Quiet thin-film solar startup Solyndra Inc. has applied to build a new manufacturing plant on a 1.4-million-square-foot site in Fremont, Calif.

According to an application that the company filed with the city planning department in May, the facility is expected to have the capacity to produce up to 450 megawatts worth of solar equipment.

The company, which makes solar panels out of copper, indium, gallium and selenium, is reportedly trying to raise $350 million, according to the Green Light blog (see posts here, here and here). In July, Phoenix Solar and Solar Power announced they had signed deals to buy panels from Solyndra.

The company already has a Fremont facility - a 183,000-square-foot building on Kato Road - that the application states is capable of producing 75 to 120 megawatts.

The latest proposal for the new facility, also slated for Kato Road, calls for 530,200 square feet of manufacturing space, 64,000 square feet of office space, an 11,450-square-foot cafeteria and a 4,000-square-foot employee fitness center, Steve Kowalski, an associate planner for Fremont, said Tuesday.

The company also plans to later build a 16,000-square-foot electrical substation to supply additional electric power to the plant, along with 119,300 square feet of mechanical equipment enclosures and an 11,800-square-foot enclosure for hazardous materials, he said.

The original application for the new facility at 47422 Kato Road called for a 580,000-square-foot manufacturing plant and 74,000 square feet of office space.

Solyndra expects to employ between 390 and 440 workers at the new facility, with a maximum of 590.

According to the application, the manufacturing part of the facility will require two 12-hour shifts with 120 employees on each shift, while the office part of the project will bring in between 150 and 350 employees.
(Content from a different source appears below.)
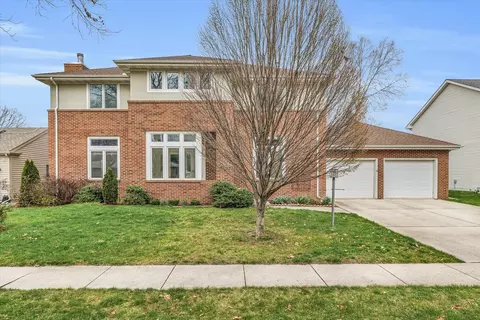 2908 Robeson Park Dr, Champaign, IL 61822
The plant will operate 24 hours per day, seven days per week, Solyndra wrote.

Solyndra projects that the new manufacturing plant will take approximately nine months to complete, followed by 14 more months of interior construction.
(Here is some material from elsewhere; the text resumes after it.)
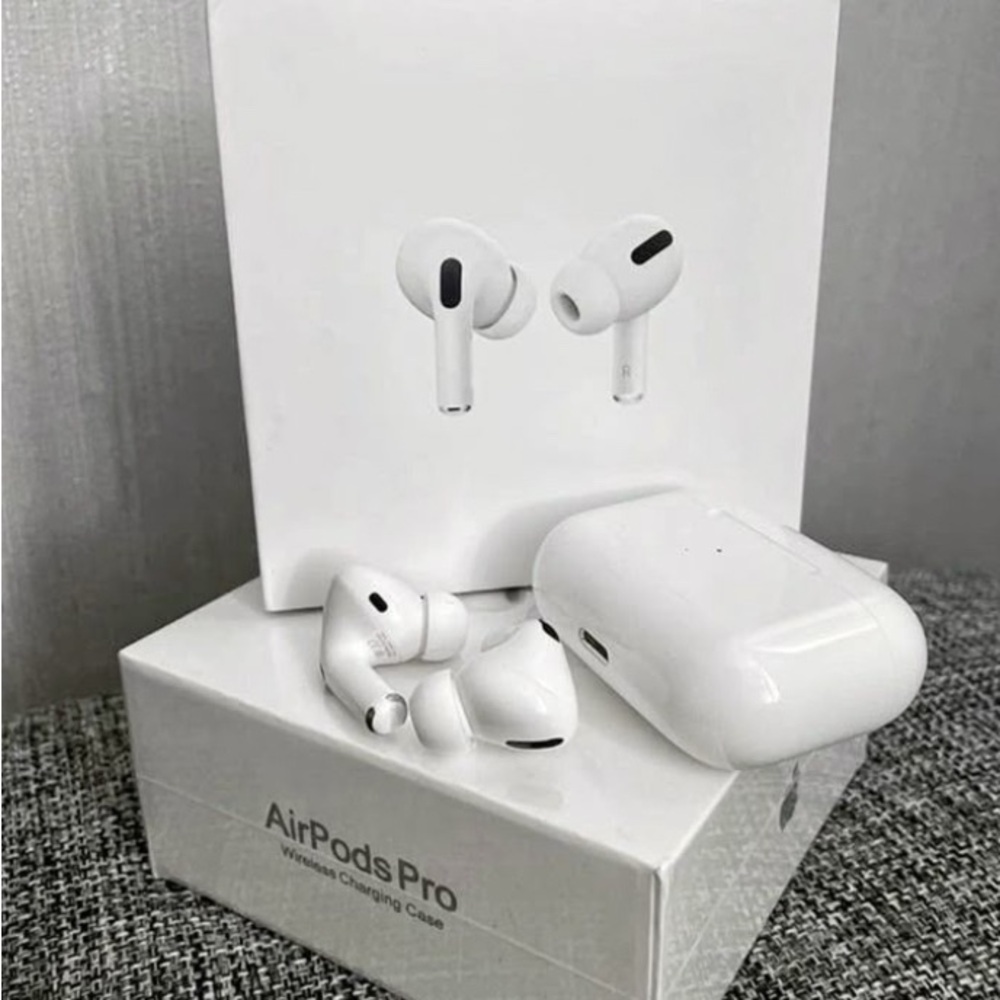 Apple AirPods Pro with Wireless Charging Case - White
The factory's first production line was slated to be in operation by the beginning of 2010, with the full project - a total of six lines - expected to be completed in the second quarter of 2010, according to the application.

But that timeline could be pushed back because of the permitting requirements, Kowalski said.

The city has been conducting an environmental review and traffic study for the project and expects to complete a draft environmental document next week, he said. If nobody has significant objections to the report during a 30-day public review period, Fremont will hold a public hearing so the city zoning administrator can consider approving planning permits for the project.

Because the land already is zoned for industrial use, Solyndra doesn't need special permits that would need to be approved by the Planning Commission or the City Council.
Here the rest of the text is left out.